> _WORK ORDER_: Set down exact lines only, from the line with "TOYZEROPLUS Moffy's - Mewky" through the last line of the material below, with every picture left out.

> _GIVEN INFORMATION_:

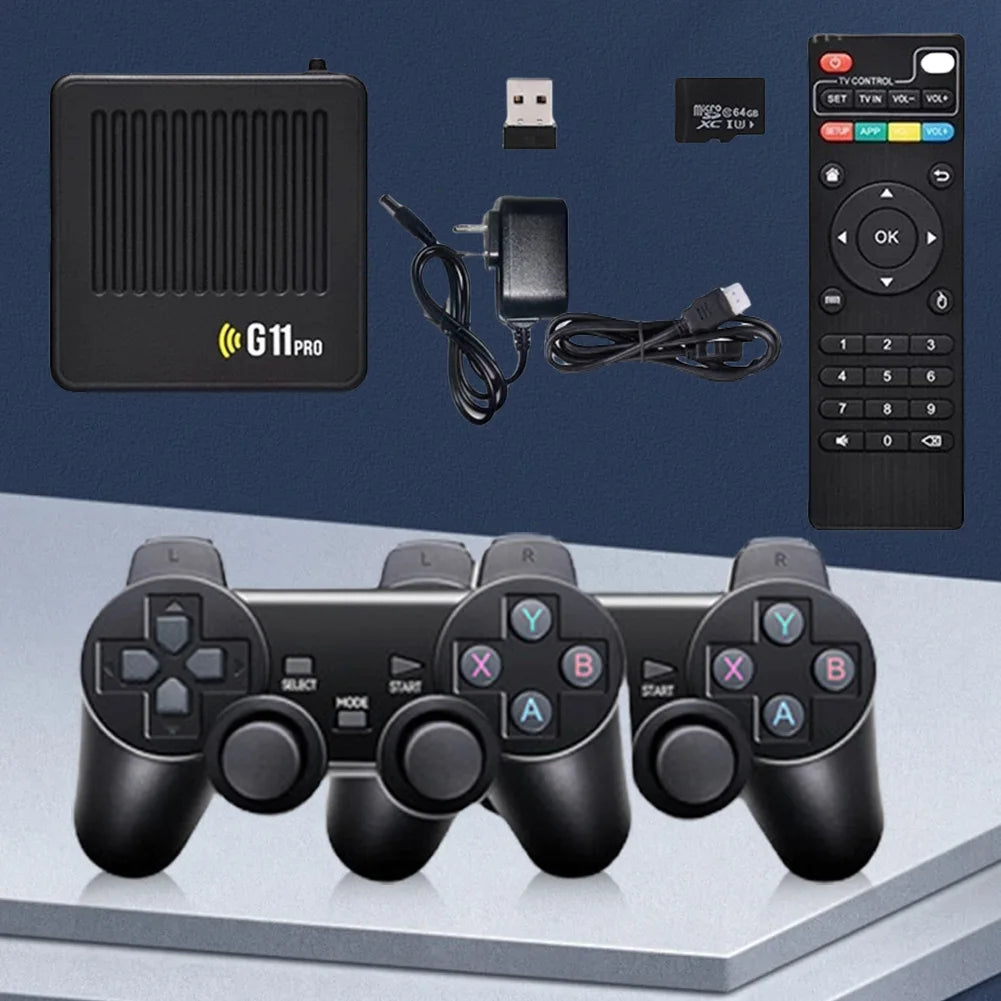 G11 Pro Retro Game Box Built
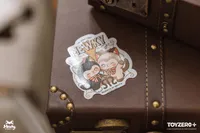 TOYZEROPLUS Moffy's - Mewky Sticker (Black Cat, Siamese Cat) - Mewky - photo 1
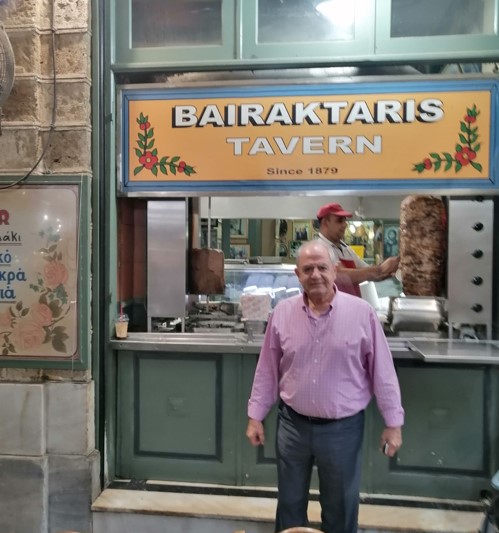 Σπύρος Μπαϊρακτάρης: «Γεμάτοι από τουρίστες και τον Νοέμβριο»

> _ANSWER BOX_:
 TOYZEROPLUS Moffy's - Mewky Sticker (Black Cat, Siamese Cat) - Mewky - photo 1
 Σπύρος Μπαϊρακτάρης: «Γεμάτοι από τουρίστες και τον Νοέμβριο»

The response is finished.